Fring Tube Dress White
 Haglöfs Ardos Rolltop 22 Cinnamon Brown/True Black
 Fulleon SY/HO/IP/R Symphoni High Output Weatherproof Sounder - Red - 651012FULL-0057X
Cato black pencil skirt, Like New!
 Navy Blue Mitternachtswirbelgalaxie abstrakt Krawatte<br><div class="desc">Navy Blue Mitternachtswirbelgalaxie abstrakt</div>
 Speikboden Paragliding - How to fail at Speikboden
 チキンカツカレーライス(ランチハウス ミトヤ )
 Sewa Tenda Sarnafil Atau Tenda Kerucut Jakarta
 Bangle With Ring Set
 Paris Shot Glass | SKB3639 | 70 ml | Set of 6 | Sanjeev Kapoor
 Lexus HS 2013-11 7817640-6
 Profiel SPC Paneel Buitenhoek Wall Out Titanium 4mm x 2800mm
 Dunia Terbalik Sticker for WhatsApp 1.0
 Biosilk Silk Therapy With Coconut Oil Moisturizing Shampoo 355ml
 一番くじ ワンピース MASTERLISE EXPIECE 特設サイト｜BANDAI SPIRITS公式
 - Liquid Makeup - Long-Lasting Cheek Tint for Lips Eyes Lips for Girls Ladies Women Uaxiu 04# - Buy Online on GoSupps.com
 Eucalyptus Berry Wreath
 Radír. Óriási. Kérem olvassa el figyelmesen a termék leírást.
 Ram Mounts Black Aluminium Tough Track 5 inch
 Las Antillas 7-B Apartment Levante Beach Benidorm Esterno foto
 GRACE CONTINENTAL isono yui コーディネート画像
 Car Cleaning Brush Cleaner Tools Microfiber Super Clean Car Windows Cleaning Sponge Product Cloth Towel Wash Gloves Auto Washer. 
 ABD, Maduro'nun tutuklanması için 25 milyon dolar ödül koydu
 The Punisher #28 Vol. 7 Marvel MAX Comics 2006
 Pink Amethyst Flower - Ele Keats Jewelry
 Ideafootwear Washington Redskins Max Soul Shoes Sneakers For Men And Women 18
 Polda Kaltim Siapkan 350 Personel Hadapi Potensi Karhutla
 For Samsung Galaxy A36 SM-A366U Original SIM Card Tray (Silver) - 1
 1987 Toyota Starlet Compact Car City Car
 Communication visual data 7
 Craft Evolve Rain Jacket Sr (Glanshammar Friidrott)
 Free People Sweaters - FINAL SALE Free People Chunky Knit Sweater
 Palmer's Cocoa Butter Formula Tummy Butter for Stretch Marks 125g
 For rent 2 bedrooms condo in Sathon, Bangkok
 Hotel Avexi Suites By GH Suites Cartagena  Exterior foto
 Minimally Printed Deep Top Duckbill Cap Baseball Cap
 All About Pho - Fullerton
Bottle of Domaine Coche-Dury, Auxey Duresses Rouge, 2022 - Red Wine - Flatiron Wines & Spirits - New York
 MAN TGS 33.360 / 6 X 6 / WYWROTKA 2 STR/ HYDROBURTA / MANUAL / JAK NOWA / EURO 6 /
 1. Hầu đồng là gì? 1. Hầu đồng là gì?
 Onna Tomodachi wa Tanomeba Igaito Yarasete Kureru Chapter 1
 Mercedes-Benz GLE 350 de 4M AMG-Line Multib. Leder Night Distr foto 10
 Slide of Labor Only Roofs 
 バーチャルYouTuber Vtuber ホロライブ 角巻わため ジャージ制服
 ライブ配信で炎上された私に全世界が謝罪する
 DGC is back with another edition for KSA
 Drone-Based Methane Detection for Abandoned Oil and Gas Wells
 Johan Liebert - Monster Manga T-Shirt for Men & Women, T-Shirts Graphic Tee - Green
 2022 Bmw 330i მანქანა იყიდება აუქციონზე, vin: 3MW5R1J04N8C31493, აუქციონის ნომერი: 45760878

Task objective: In the records above, find the lines containing "Women" and copy them.

Output for this task:
 - Liquid Makeup - Long-Lasting Cheek Tint for Lips Eyes Lips for Girls Ladies Women Uaxiu 04# - Buy Online on GoSupps.com
 Ideafootwear Washington Redskins Max Soul Shoes Sneakers For Men And Women 18
 Johan Liebert - Monster Manga T-Shirt for Men & Women, T-Shirts Graphic Tee - Green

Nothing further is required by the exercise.